The writer posits that "all reasonable measures" must be taken in order to prevent disasters from taking place, but what is the definition of reasonable? Is it simply what the majority of the public, who not coincidentally never or rarely set foot in an airport, say it is? Is what politicians want? Or should it be what well-respected security experts actually think (here’s a hint–they know we’re wasting our time now).
I’d like to see the Obama Administration work with Congress to create a bi-partisan (though partisanship or party affiliation should not play into this at all), independent airport security commission that could dedicate its resources to comprehensively examining the current state of airport security in America and offering solutions that exhibits prudence and common sense–like maybe simply making the public aware that what is really keeping us safe is better intelligence, secure cockpit doors, and the willingness of passengers to fight back if something goes wrong onboard. Notice that the TSA is not in the equation. The GAO is supposed to do this already, and has done a great job in highlighting concerns about the TSA, but I think a more high-profile body would be able to achieve better results.

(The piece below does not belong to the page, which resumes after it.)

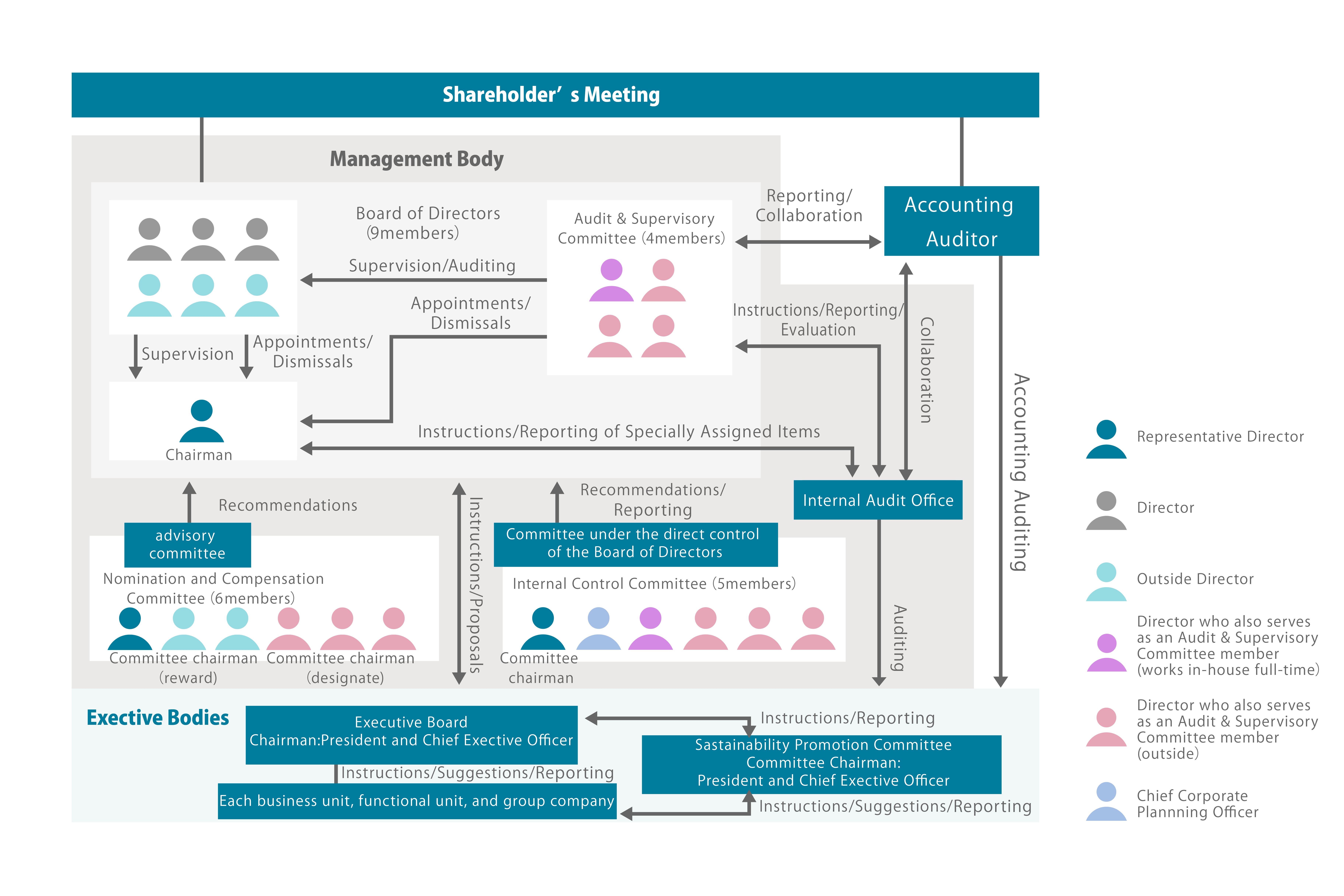 Corporate Governance System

Most troublesome to me (and also a bit redundant) is the writer’s statement that "[t]his incident is a clear reminder that while some things may seem extreme or unnecessary, the freedoms we give up are for the benefit of our own safety." That assumes facts not in evidence and it disturbs me to see a university student reason in such a simplistic manner, bereft of any mention of the concerns I outlined above and failing to at least acknowledge the Constitutional concerns of placing faux-security over civil liberties.

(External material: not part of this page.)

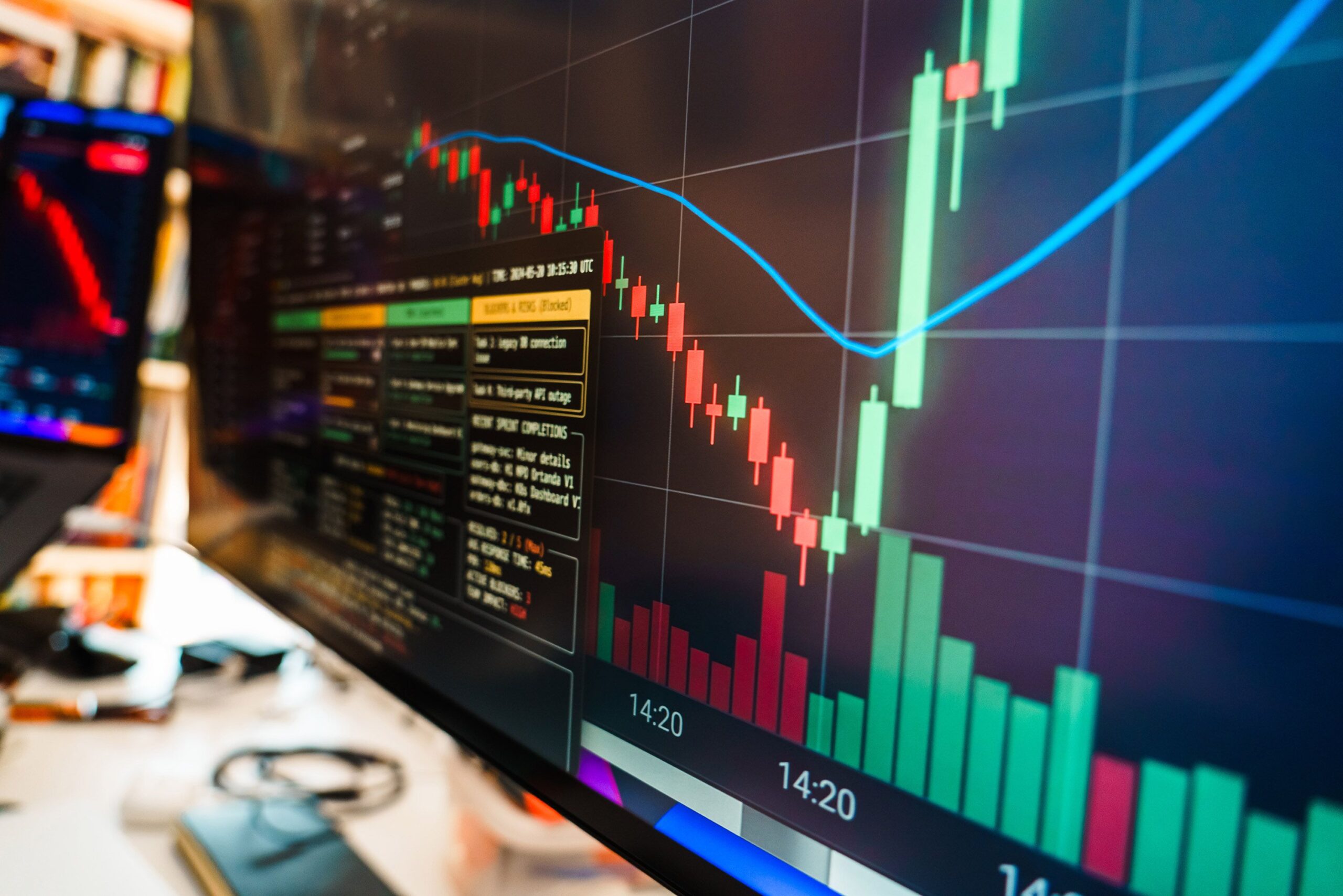 Stock Market Analysis & Investment Management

Looking past the TSA’s misguided policy and procedure, the agency’s lack of consistency, ignoring the agency’s ineffective implementation of security layers and live deployment of security practices and just focusing on the potential threat … the fact is a six year old girl may be an unwitting threat.
But in reality, his premise is unreasonable and frankly very disheartening. Yes, the TSO under fire followed procedure. My beef is not with her. My concern is this: are we as a society so scared of our own shadow, so scared of worst-case scenarios, so untrusting of our fellow citizens, that we are willing to justify a government official placing her hands inside a six year old’s pants because that child just may be the next Richard Reid (after another agent was able to look through her clothing as she walked through a full body scanner)?
This whole culture of fear just drives me mad. I find it disgusting that a society that purports to support freedom at home and abroad would complacently accept being treated as guilty until proven innocent. The fact that the "world has changed" is not an excuse–it was not Al Qaeda that decided that Americans cannot be trusted at U.S. airports.
The apparatus of airport security ultimately comes down to a cost/benefit analysis. I, for one, would be willing to take my chances with no passenger screening whatsoever. And I speak as a frequent traveler who logs 150,000+ butt-in-seat miles each year.
But in any case, I’ve said before and I’ll say it again: something needs to change. Security theatre is NOT keeping us safer.
Speaking of redundancy, I know that if you read my blog, you have heard this argument from me before. But as news stories continue to demonstrate how bad the airport security situation is getting in the United States, you will continue to hear me preaching the same fire and brimstone sermon.